Task goal => The answer is to consist only of an exact retyping of the lines from the one containing "Yaz tatilinde beyin" to the end of the entries, without pictures.

Supplied records =>
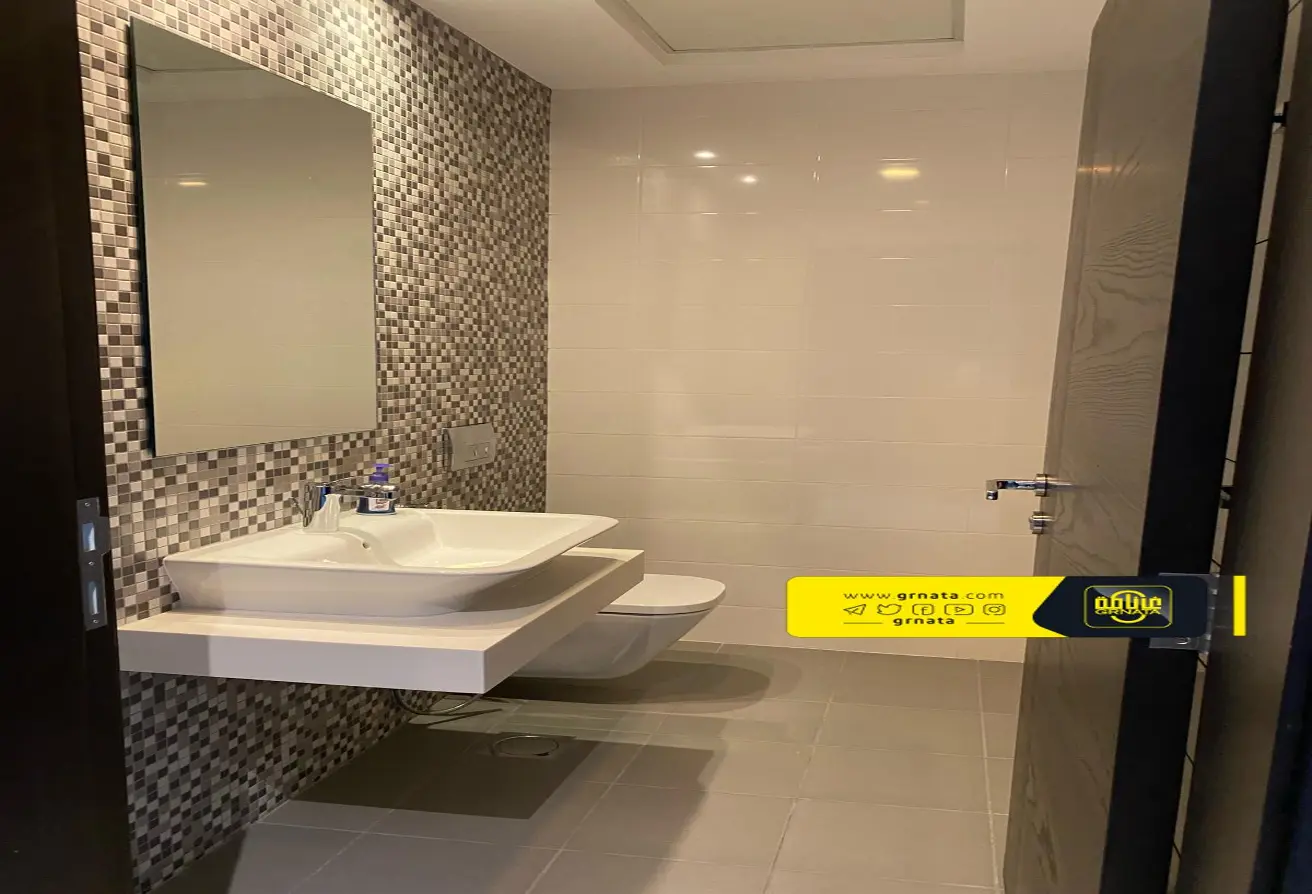 Apartment for Sale in Al Reef Island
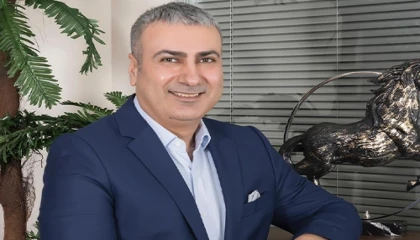 Yaz tatilinde beyin gelişimi durabilir mi?.. Tatil, öğrenmenin farklılaştığı dönem olmalı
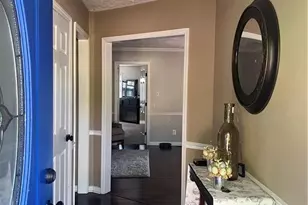 1526 Trevino Dr, Fayetteville, NC 28303 - Photo 3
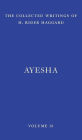 Ayesha: The Return of She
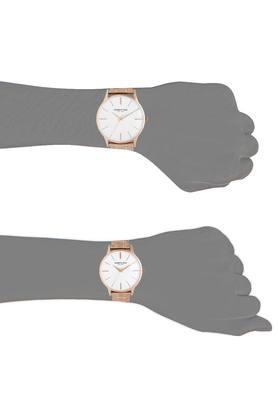 Kenneth cole couple on sale watches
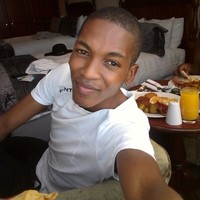 Ingumangaliso Ngcobo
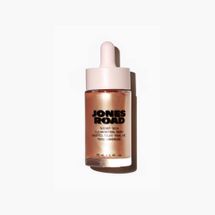 Jones Road Bright Skin Illuminating Drops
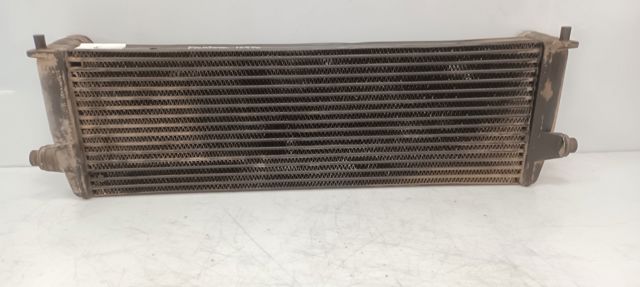 Intercooler para Opel Frontera 5MWL4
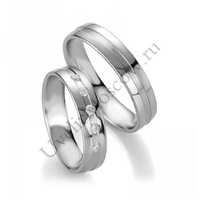 Арт. 767 | 767-Н14696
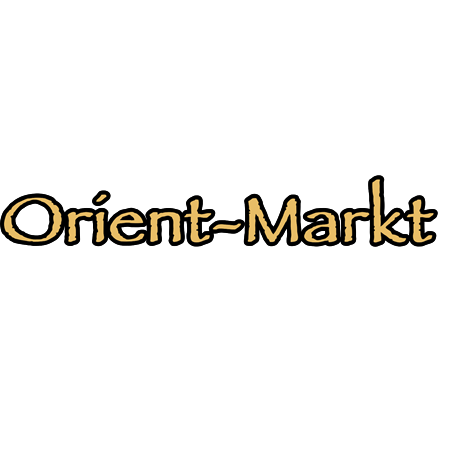 Logo von Orient-Markt Dannenberg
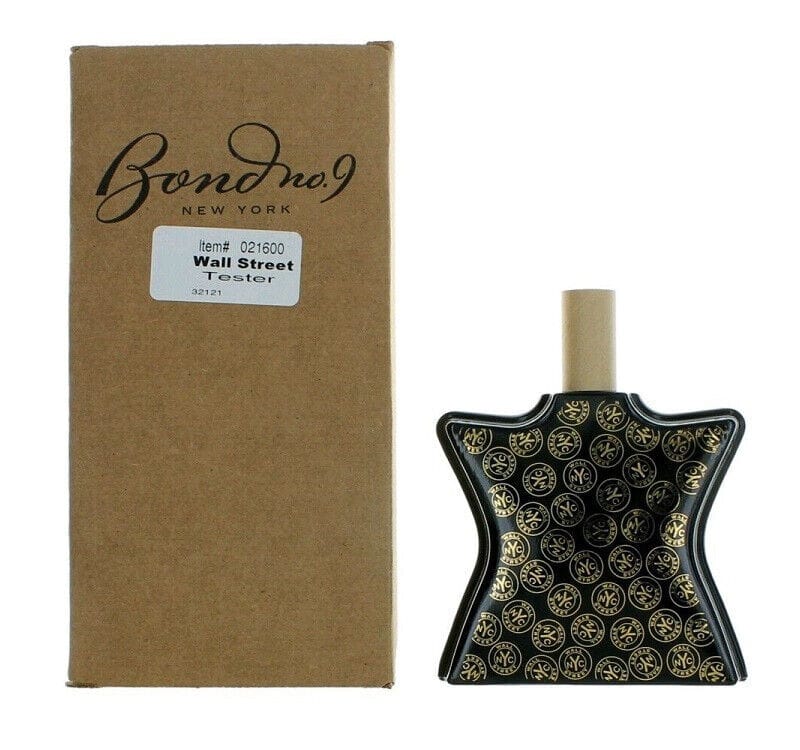 Bond No.9 Wall Street - Image 4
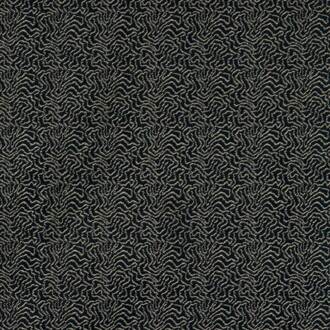 Manuel Canovas Palto M4120-06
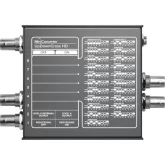 Blackmagic Mini Converter - UpDownCross HD Конвертер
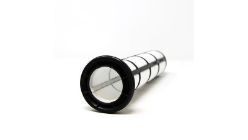 Bobcat 7020361 Safety Element - BOB 7020361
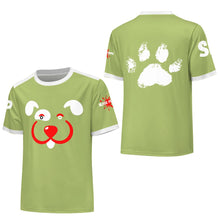 Load image into Gallery viewer, Slyde Pupps Men's Short Set 10 colors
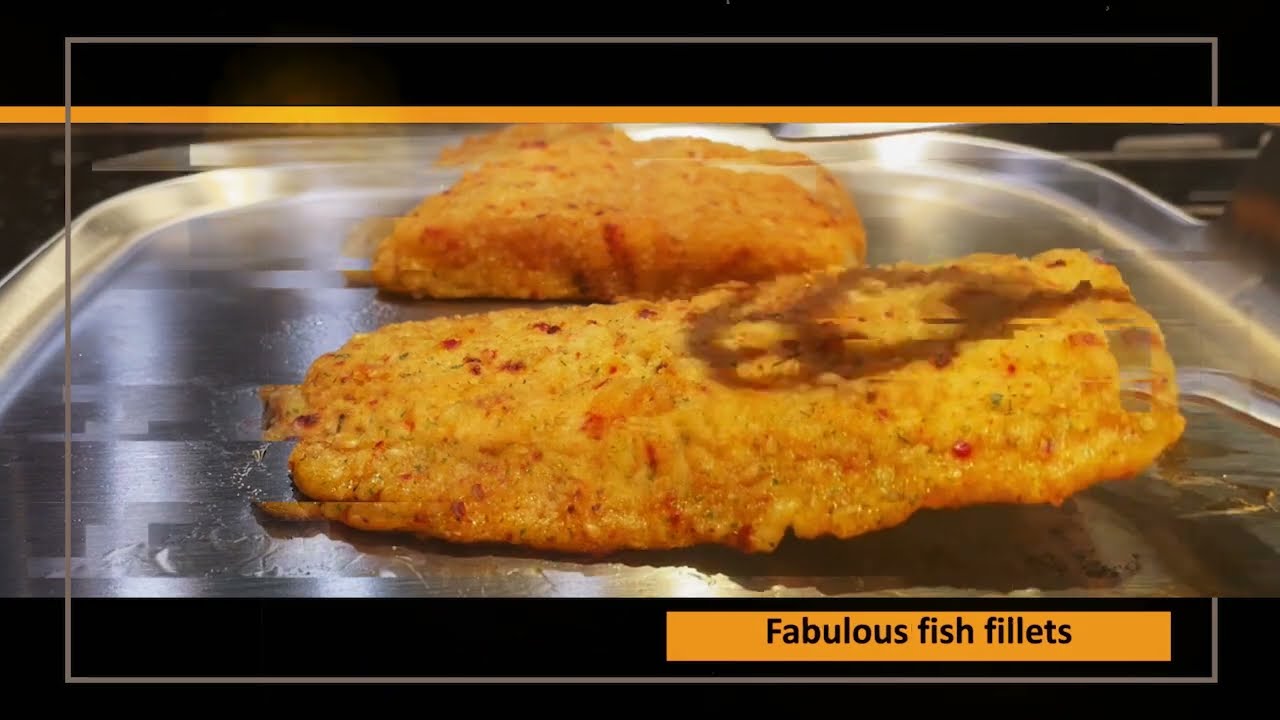 Saladmaster 11in Square Griddle 2022 - YouTube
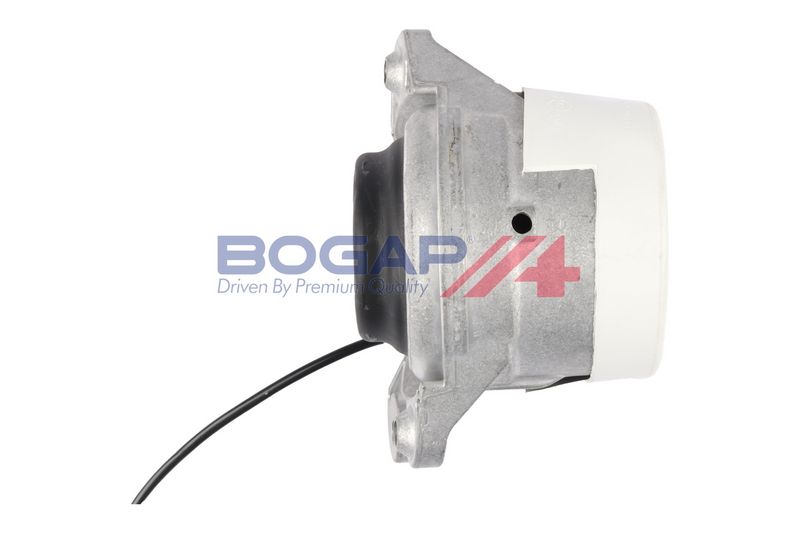 Soporte de Motor BOGAP C1911147 - 4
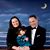 Robert J. Cameron's profile image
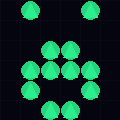 3.1.236.200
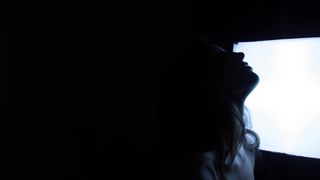 Colomba Giovanni naked - Fusion (2018)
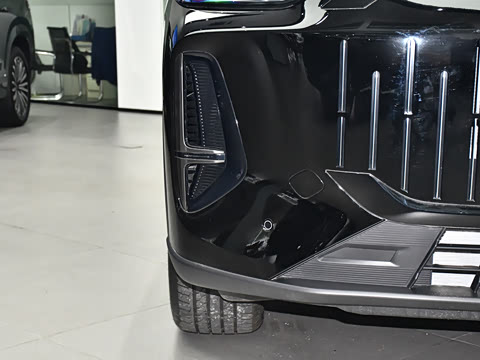 2025�� 120 ���������콢�� 5�� �������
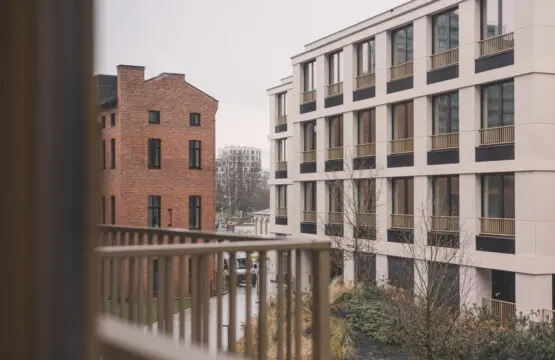 70594 354925 h 7mjEz0IOSTbFTpawk6tUvgufD791n5wP8yY l6WqQ 6799573963e21.jpg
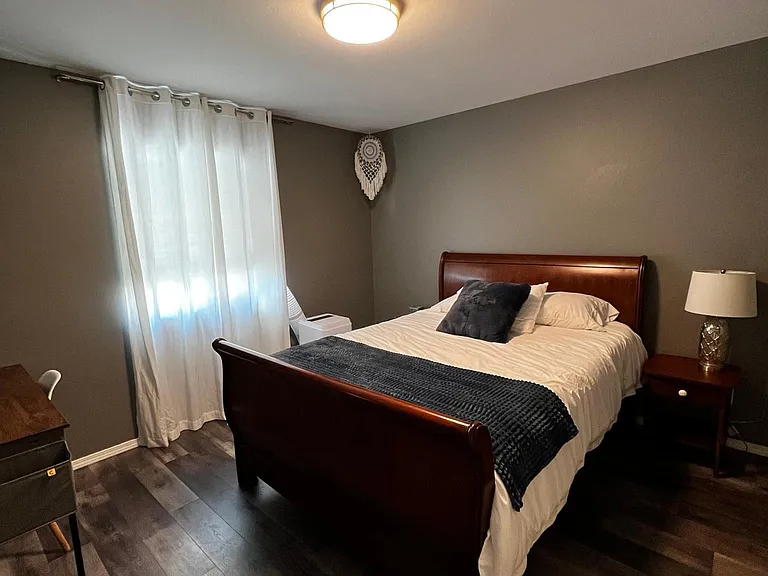 1543 Franlou Park Ln — Photo 10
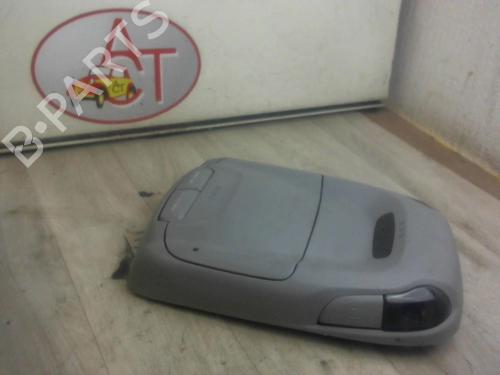 Used Interior roof light HYUNDAI SANTA FÉ I (SM) 2.0 CRDi 4x4 (113 hp) 13269104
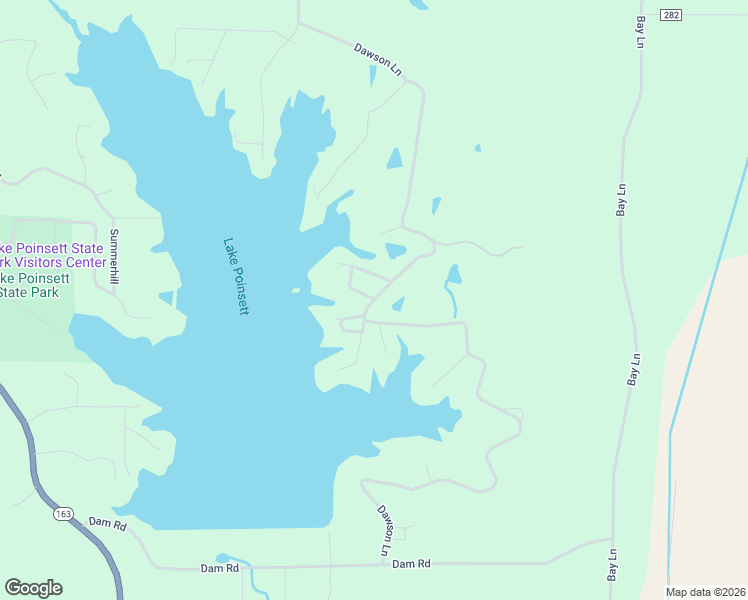 map of restaurants, bars, coffee shops, grocery stores, and more near 20599 Helen Rd in Harrisburg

Expected output =>
 Yaz tatilinde beyin gelişimi durabilir mi?.. Tatil, öğrenmenin farklılaştığı dönem olmalı
 1526 Trevino Dr, Fayetteville, NC 28303 - Photo 3
 Ayesha: The Return of She
 Kenneth cole couple on sale watches
 Ingumangaliso Ngcobo
 Jones Road Bright Skin Illuminating Drops
 Intercooler para Opel Frontera 5MWL4
 Арт. 767 | 767-Н14696
 Logo von Orient-Markt Dannenberg
 Bond No.9 Wall Street - Image 4
 Manuel Canovas Palto M4120-06
 Blackmagic Mini Converter - UpDownCross HD Конвертер
 Bobcat 7020361 Safety Element - BOB 7020361
 Load image into Gallery viewer, Slyde Pupps Men's Short Set 10 colors
 Saladmaster 11in Square Griddle 2022 - YouTube
 Soporte de Motor BOGAP C1911147 - 4
 Robert J. Cameron's profile image
 3.1.236.200
 Colomba Giovanni naked - Fusion (2018)
 2025�� 120 ���������콢�� 5�� �������
 70594 354925 h 7mjEz0IOSTbFTpawk6tUvgufD791n5wP8yY l6WqQ 6799573963e21.jpg
 1543 Franlou Park Ln — Photo 10
 Used Interior roof light HYUNDAI SANTA FÉ I (SM) 2.0 CRDi 4x4 (113 hp) 13269104
 map of restaurants, bars, coffee shops, grocery stores, and more near 20599 Helen Rd in Harrisburg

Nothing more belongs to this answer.